The resignation of Lebanese Prime Minister Najib Mikati has raised many questions about the timing, the declared and undeclared reasons, and particularly its effect on the implications of the Syrian crisis for Lebanon.
But the speed of the consensus on the assignment of Tammam Salam to form the next government unearthed the fact that there had been contacts behind the scenes that sought to create a new political climate to facilitate Lebanon’s adjustment to a "lengthy" Syrian crisis without dealing with an internal outbreak of conflict.
With the emergence of such a climate under the new government, holding the due legislative elections may become possible albeit with some delay. However, the problems and difficulties that the Mikati government suffered from will remain, especially those of the financial and economic situation and the acute polarisation of the Syrian crisis, its consequences and the envisioned aftermath of the Syrian regime.
In the second half of January 2011, a political turning point took place when all the opposition ministers (who belonged to the 8 March Alliance) resigned from cabinet. Consequently, the government of Saad Hariri resigned, or rather was ousted, while Hariri was visiting U.S. President Barack Obama at the White House.

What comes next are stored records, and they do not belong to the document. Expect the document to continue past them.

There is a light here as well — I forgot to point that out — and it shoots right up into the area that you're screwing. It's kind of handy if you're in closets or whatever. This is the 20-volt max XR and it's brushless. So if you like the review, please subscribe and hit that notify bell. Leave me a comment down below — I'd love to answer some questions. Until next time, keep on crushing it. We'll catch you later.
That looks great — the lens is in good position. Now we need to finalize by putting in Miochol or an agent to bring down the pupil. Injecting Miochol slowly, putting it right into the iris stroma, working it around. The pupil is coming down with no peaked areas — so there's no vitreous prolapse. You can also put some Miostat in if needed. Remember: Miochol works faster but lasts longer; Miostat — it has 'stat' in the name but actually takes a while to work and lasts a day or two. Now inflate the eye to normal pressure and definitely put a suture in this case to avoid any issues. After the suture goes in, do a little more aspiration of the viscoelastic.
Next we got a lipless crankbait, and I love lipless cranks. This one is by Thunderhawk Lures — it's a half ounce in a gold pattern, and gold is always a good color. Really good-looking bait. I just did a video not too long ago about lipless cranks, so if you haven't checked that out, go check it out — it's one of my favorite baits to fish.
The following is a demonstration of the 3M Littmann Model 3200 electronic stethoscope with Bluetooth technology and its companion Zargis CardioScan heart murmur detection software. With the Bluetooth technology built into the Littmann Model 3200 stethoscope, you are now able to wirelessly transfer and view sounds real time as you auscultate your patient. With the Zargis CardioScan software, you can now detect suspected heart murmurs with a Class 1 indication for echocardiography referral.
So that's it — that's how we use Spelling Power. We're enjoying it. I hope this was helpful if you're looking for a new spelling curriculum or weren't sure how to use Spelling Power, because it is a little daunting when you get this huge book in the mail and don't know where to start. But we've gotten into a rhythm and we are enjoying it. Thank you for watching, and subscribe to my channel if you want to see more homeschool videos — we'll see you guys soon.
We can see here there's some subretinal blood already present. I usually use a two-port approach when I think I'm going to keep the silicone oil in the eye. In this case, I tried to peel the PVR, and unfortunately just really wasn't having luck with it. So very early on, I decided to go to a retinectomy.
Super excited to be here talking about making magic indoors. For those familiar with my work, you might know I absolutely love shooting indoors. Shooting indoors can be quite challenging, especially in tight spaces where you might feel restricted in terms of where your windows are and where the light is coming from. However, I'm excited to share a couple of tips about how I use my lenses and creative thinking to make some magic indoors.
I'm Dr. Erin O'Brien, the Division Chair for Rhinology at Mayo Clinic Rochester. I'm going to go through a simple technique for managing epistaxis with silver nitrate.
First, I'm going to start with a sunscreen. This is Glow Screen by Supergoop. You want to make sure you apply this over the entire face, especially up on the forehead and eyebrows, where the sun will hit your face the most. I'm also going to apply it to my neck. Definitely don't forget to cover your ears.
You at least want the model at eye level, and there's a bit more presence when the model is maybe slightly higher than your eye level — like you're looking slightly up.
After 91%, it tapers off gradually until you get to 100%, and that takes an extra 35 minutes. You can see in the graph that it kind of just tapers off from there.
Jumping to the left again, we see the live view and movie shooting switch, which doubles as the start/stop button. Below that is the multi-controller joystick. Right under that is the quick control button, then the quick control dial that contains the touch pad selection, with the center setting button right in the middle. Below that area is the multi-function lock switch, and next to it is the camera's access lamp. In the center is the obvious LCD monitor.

In the consultations that followed for the assignment of a new head of government, it became clear that the parliamentary majority shifted with the withdrawal of Walid Jumblatt’s bloc from the 14 March Movement and Jumblatt's consent to assign Mikati, who was not affiliated with the movement but was considered part of it because he had won his parliamentary seat through an election deal.
That constituted an end to an internal crisis that began mid-2010 when it was clear that the Special Tribunal for Lebanon was getting ready to indict four members of Hezbollah for alleged involvement in the assassination of former Prime Minister Rafic Hariri on 24 February 2005 and the deaths of 21 others. Secretary General of Hezbollah, Hassan Nasrallah, led a political campaign to drop the charges or sever all ties with the tribunal, which he accused of being "politicised" and seeking to undermine Hezbollah to serve the interests of Israel and the United States. The Syrian regime supported Nasrallah’s demands and pressured Saad Hariri to ignore the international tribunal and its accusations. A few months earlier, Hariri had fufilled Saudi Arabia’s request to mend fences with al-Assad. He dropped the accusations that the Syrian regime was behind the assassination of his father. But the reconciliation did not completely clear the name of Damascus, which, in theory, was acquitted as the perpetrator of the assassination. However, Syria later demonstrated its full solidarity with Hezbollah, which since the exit of Syrian troops from Lebanon (late April 2005) had become Damascus’s key ally, proxy and point of intersection in its alliance with Iran.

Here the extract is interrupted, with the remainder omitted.